His name was Hiranyakashipu, and he claimed to be equal to Lord Vishnu, the Preserver of the Universe. Tragically for him, his own son, Prince Prahlad, was a devotee of Lord Vishnu. The king threatened his son with snakes and elephants, but the child remained faithful. After much thought, the king summoned his sister, Holika, the kind of woman who only appears as a narrative tool in Hindu mythology and does the bidding of male protagonists. The demoness had been given a boon, immunity from fire, provided she entered it alone. So the king covered her in a magic, invisible blanket and, when the young prince sat on his aunt’s lap, set it on fire. The prince prayed to Lord Vishnu, who burned the evil, fire-proof aunt but saved the young, virtuous prince who kept faith.

Holika’s story is a classic example of how Hindu women are cast as enforcers of patriarchy and punished for it, too. Holika’s brother burned her on a pyre, and we celebrate this annually by ritually re-enacting her burning.

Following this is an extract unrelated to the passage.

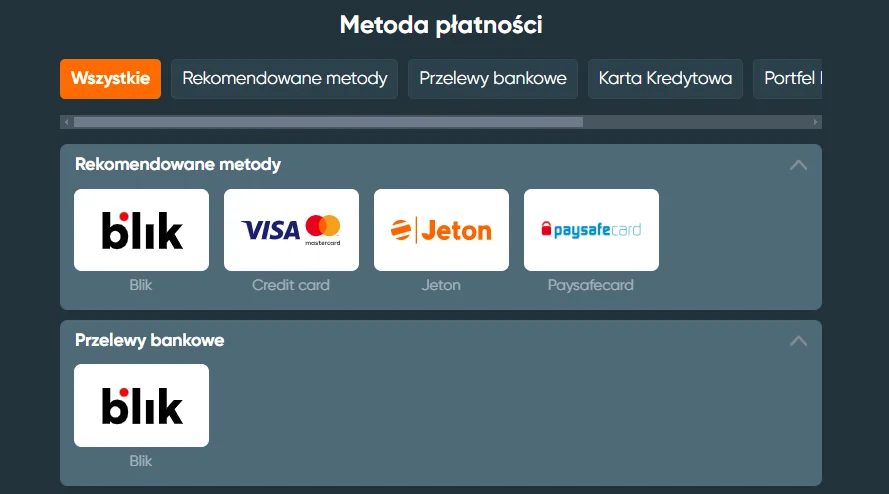 ivibet casino metod platnosci blik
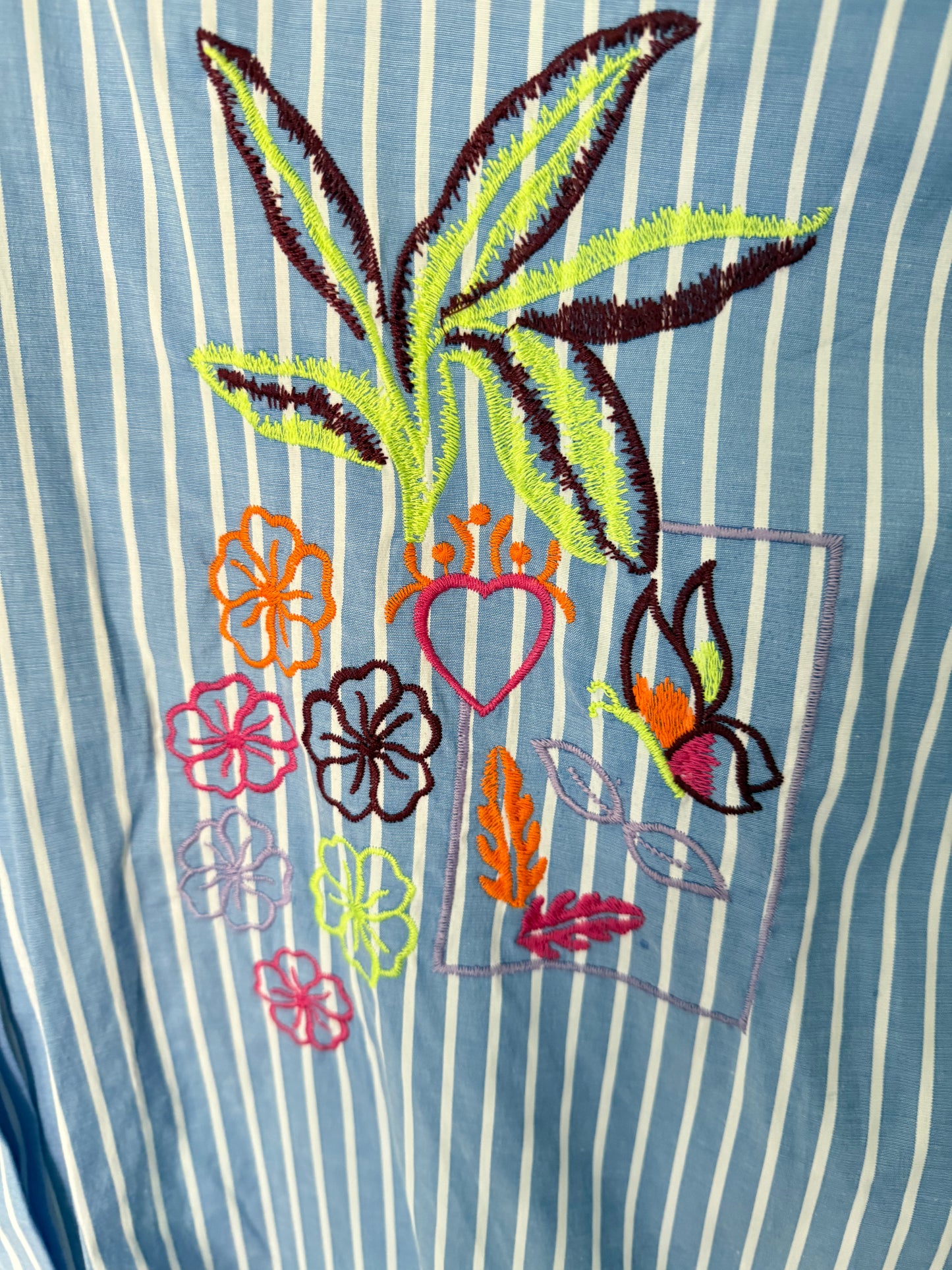Streifen Bluse Oversize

It is easy to cast Holika as the villain of the fire, but she is closer to a modern feminist hero than a child-burning demon, especially in Modi’s India.

Holika enters the story already labelled: A demoness. Sister of a tyrant. Accomplice. Even though she is a soldier, deployed by the king as a state policy, and seems to have no option. Besides, the little power she has, fireproof skin, comes with clauses. Conditional autonomy. Eventually, she loses her life because she was a pawn in the lives of her men.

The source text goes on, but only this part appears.